It is not, however, only the age-set of the dead which is involved in the funeral. All lineage kinsmen are expected to provide a little entertainment for their age-mates and, in addition, each individual is under an obligation formally to bury a "father" and a "mother" for his age-set. The idea behind this is that when an individual's own father or mother dies, (or a relative formally counted as such for the occasion by the lineage concerned) he is put to particularly heavy expense on behalf of his patrilineage and matrilineage respectively, and his age-mates come to his assistance at these times. This in itself is an interesting case of the age-set helping the individual to meet the demands of his lineal relatives. In return, however, the age-set have a right to expect particularly lavish entertainment. The two occasions do not now necessarily coincide. If a member's kinsman dies a bored, hungry and thirsty age-set may descend upon him to demand the entertainment due of a "father's" or "mother's" death even if it is not relative who has died, nor one officially considered to be such by the kin group. Further, as we have seen, whenever a members of the patrilineage or matrilineage dies, and on the death of comparatively important members of the wider kin groups, age-mates descend on their bereaved members to offer their condolences and receive the wine and food which is their due.

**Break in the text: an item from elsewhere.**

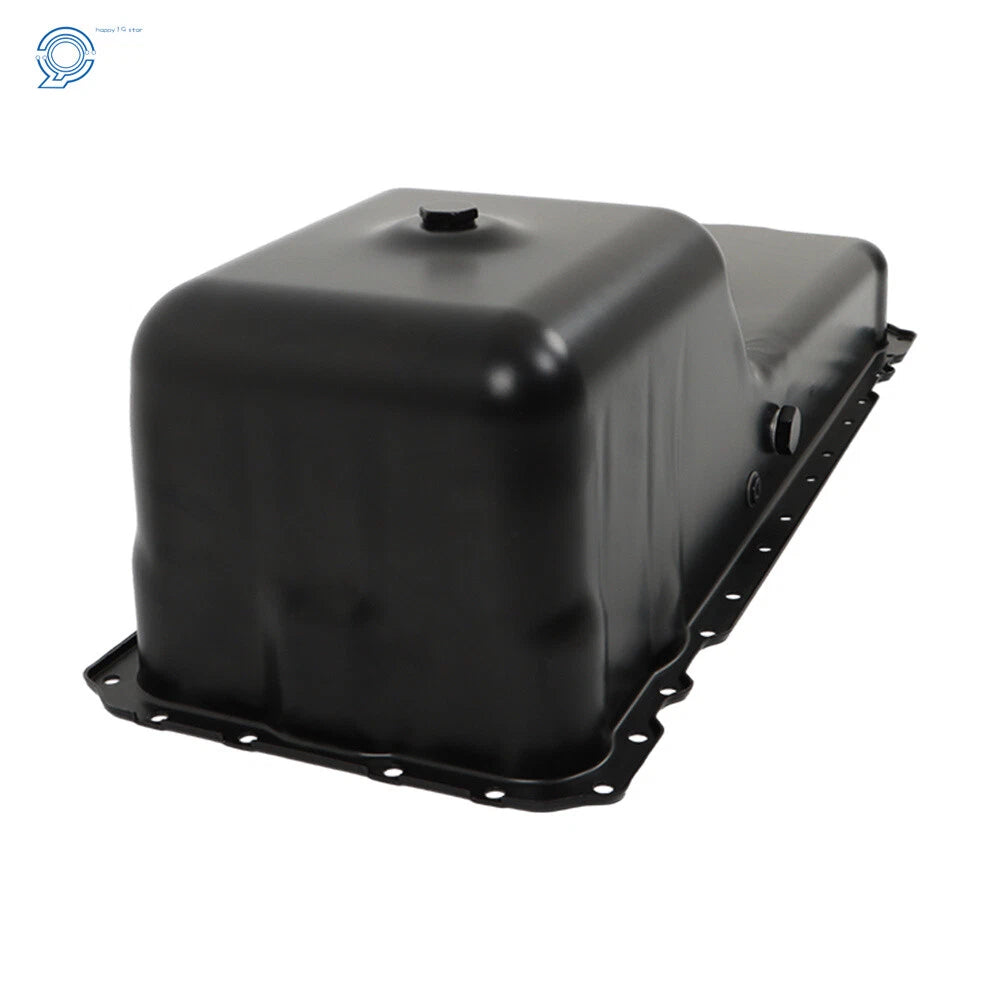 Engine Oil Pan for Chevrolet GMC Freightliner Sterling Truck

It might seem from this account of the way in which age-sets batten on their members that far from supporting the individual they merely make yet further demands upon him. In one sense this is true for often on these occasions the age-set's demands seem very heavy, yet even if they are outrageous they are cheerfully outrageous and they can be made only because of the strength of the bonds between the members. If a death occurs and a kinsman has not time enough to hide his fowls, his age-mates will enter his house, kill as many chickens as they can catch and hand them to his wife to cook for them. The owner must bear this with a good grace. At the same time, however, he knows that if he stands in real need his age-mates will always support him.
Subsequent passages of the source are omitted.